By Michaela Gibson Morris
TUPELO – Modern life can twist you into a pretzel.
Massage therapy can be an effective tool for unknotting muscles twisted by stress, compressed by hunching over a computer screen or steering wheel and overburdened by multi-tasking.
“People come to me to hit the reset button,” said Tupelo massage therapist April Michael, who specializes in Ashiatsu – a form of massage that uses the feet to stretch and knead the muscles. “When they leave, they’re ready to go.”
Around Northeast Mississippi, there’s a diversity of forms of massage therapy.
“The world of massage is an evolving thing,” said Gloria Waldrip, a 17-year veteran of massage therapist and instructor of the Waldrip School of Massage. Massage therapists have to complete 24 hours of continuing education every two years. “There’s always something new to learn.”
Ashiatsu, where the feet are used instead of hands to deliver a soothing, deep massage, is relatively new to Northeast Mississippi. Michael is only one of two certified Ashiatsu massage therapists in Mississippi.
The name is Japanese – literally meaning foot and pressure. However, the technique as it’s taught in the United States, is derived from forms that originated in India and the Philippines.
Because the Ashiatsu therapist can use her body weight and gravity, she can bring more leverage into play than she could with shoulders and arms.
“I can be way more effective,” Michael said. “I can work deeper with my feet.”
Michael has found people who are prone to cricks in their neck or who have very tight neck and shoulders respond well to Ashiatsu.
“This releases it immediately,” Michael said.
Michael primarily uses the ball and the heel of her foot to deliver the massage. Michael and other Ashiatsu therapists use overhead bars for balance as they work. In most cases, Michael is using just one foot at a time. One of her favorites is a long soothing stroke that starts on the leg and moves up the back to the shoulder and down the arm.
Michael, who is also a Kripala certified yoga therapist, also offers Ashithai massages, which incorporate stretching with pressure point work. The Ashi Thai massages are typically done full dressed.
“They come out feeling like they did a yoga class,” Michael said.
Because Ashiatsu provides increased pressure, it isn’t recommended for people with diabetes, osteoporosis, pregnant women, children and the elderly.
“It’s too much pressure,” Michael said.
Michael, who has been a massage therapist since 1999, became certified in the form in 2005. She opened her Dharma Wellness studio at the Renasant Idea Center in downtown Tupelo this spring.
The most widely available form of massage is traditional Swedish massage. Known for its long sweeping strokes, the massage therapist uses oils to be able to glide over the skin. It is the focus of the initial training all massage therapists receive, Waldrip said.

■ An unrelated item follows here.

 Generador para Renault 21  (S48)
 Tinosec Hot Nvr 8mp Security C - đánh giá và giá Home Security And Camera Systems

“It’s light and relaxing,” Waldrip said.
It is appropriate for a wide number of people, including children, Waldrip said. It’s good for diabetics because it helps with circulation.
It’s also a good choice for people with fibromyalgia.

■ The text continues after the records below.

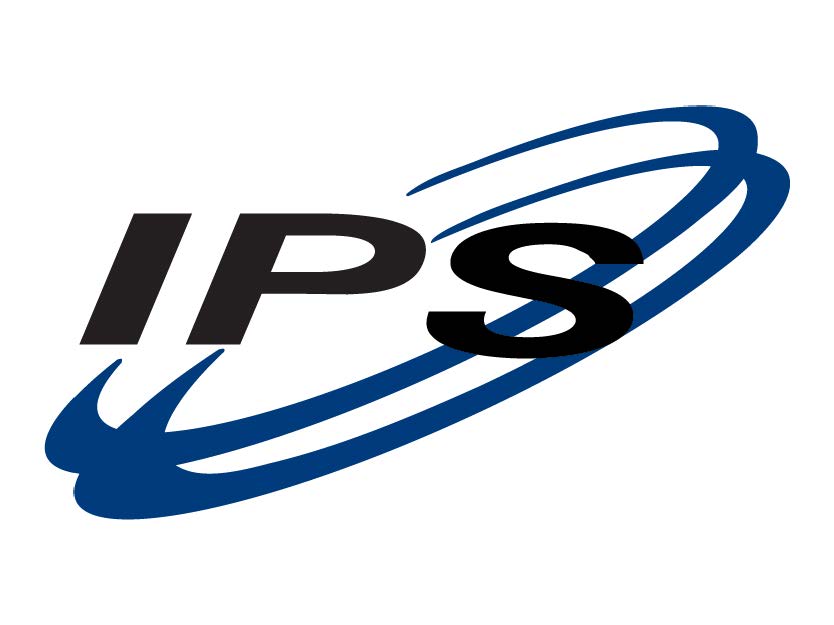 IPS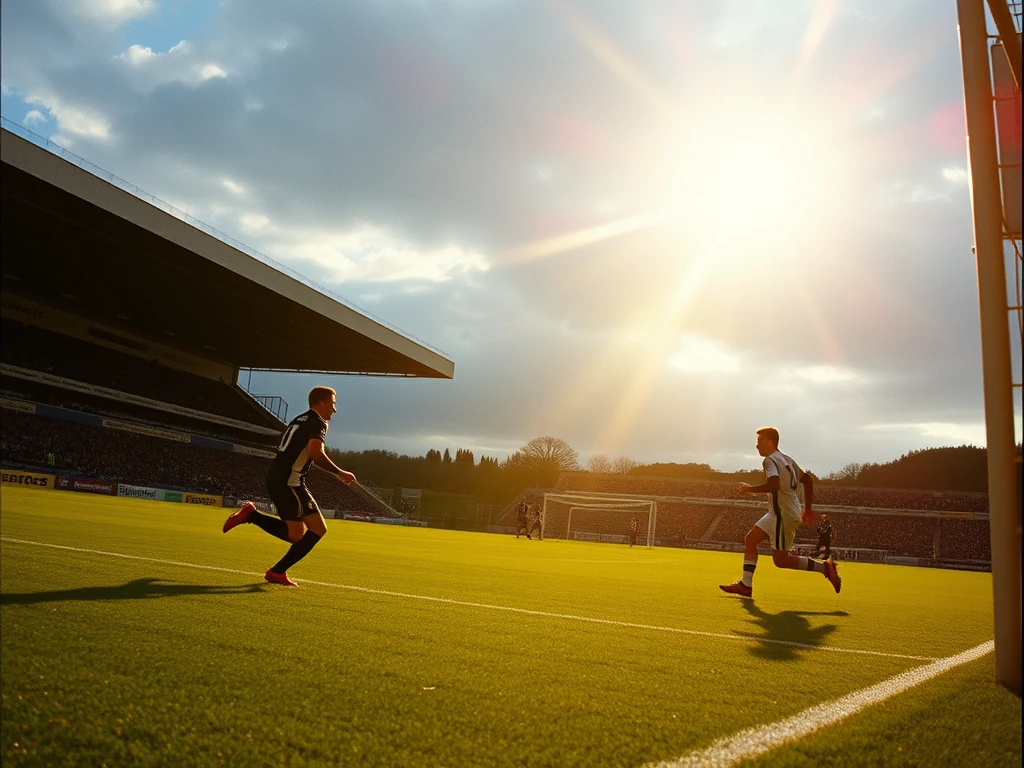 Dunfermline's thrilling Scottish Cup run offers an unprecedented pathway to European league-phase football for the club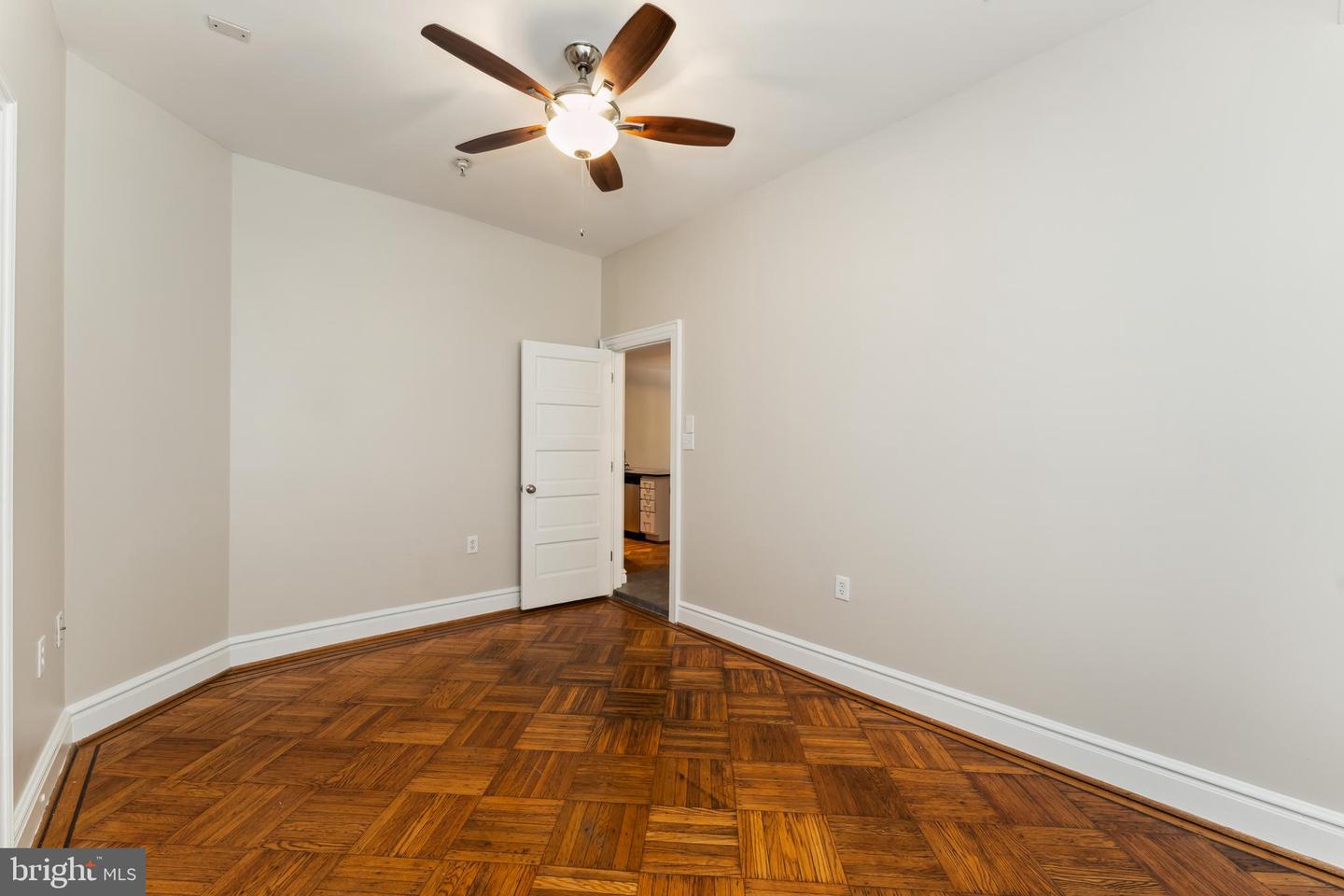 1419 CLIFTON ST NW #101, WASHINGTON, District Of Columbia 20009, 2 Bedrooms Bedrooms, ,2 BathroomsBathrooms,Residential,For sale,1419 CLIFTON ST NW #101,DCDC2201916 MLS # DCDC2201916 1419 CLIFTON ST NW #101, WASHINGTON, District Of Columbia 20009, 2 Bedrooms Bedrooms, ,2 BathroomsBathrooms,Residential,For sale,1419 CLIFTON ST NW #101,DCDC2201916 MLS # DCDC2201916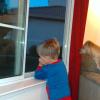 View the image: 2010-04-25 20.06.37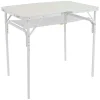 Bo-Camp Pastel Yvoire 90 x 60 cm Tisch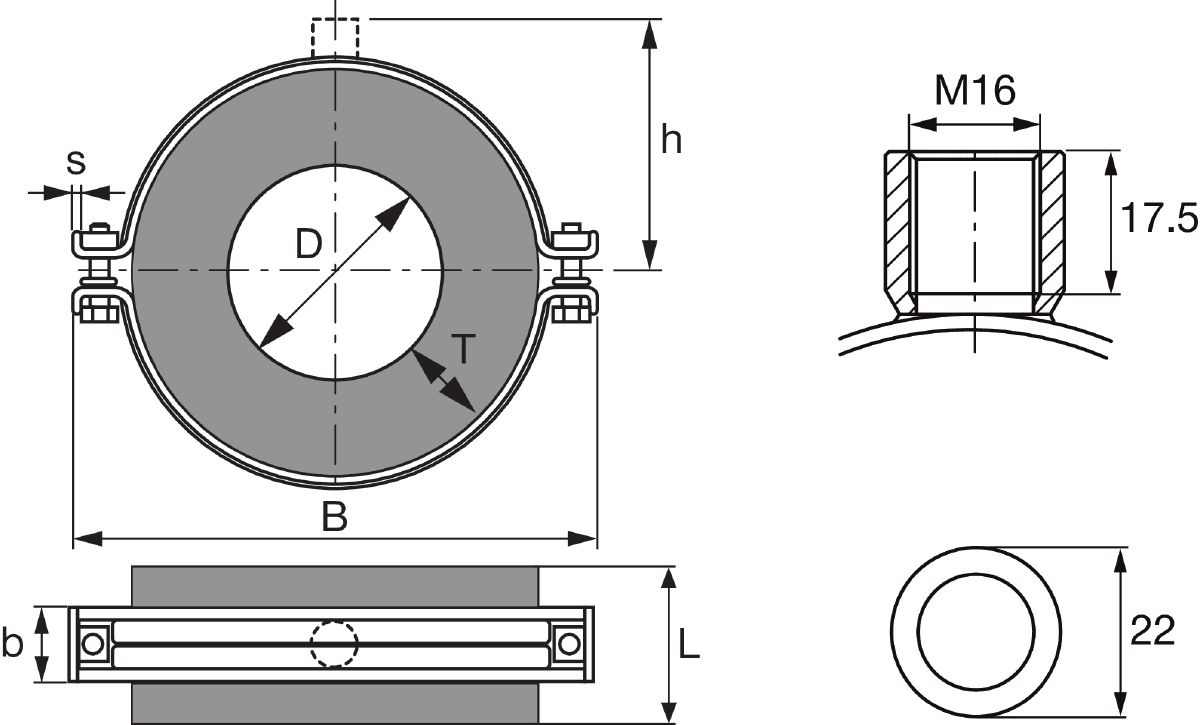 IS_PC_MI-CF_-LS_0004_(M) (100550)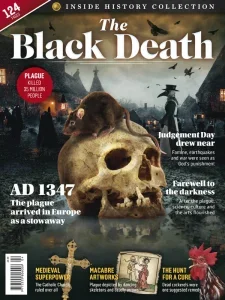 Inside history collection the black death 2026 freemagazines.top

“They can’t tolerate deep tissue work,” Waldrip said. “It helps with the flushing of tissues.”
Other modalities can be mixed in with Swedish or done on their own.
A specialized technique, trigger point massage is used to address referred pain – where the pain is felt one place, but actually originates in another. It’s especially helpful for tension headaches and lower back pain, Waldrip said.
Tension headaches, for example, often originate from a trigger point in the neck, she said. Arm pain can often be traced back to the shoulder.
The techniques for deep tissue work are similar to the long flowing strokes with Swedish massage, but the therapist gradually works deeper to aggress an underlying problem, Waldrip said.
“It’s not about gouging,” Waldrip said. “The body has to give you permission to go deeper.”
Deep tissue work generally focuses on a specific problem, like frozen shoulder.
The fascia is a connective tissue that makes up a continuous sheath around the body and inside muscles. When someone suffers an injury, like a cut, the fascia can become adhered to the muscle.
“Scar tissue is gelatinous,” Waldrip said, and can keep the muscle fibers from moving freely in and out of the extensions and contractions needed for full-range of movement.
Myofascial release can be performed after the injury is well healed, Waldrip said. The area is warmed up and then the therapist works to break up the scar tissue
Any visible scars will remain on the skin, but scar tissue underneath will soften, allowing fuller movement, Waldrip said.
For athletes looking to perform at their peak, sports massage can help the muscles work more effectively.
Pre-event sports massage focuses on quickly warming and stretching the muscles. Post-event sports massage is focused on making sure they are ready to go without soreness that limits their ability to function.
“Anytime energy is expended there’s waste products,” Waldrip said. Breaking up those waste products and moving them out of the body keeps the athlete from hurting the next day.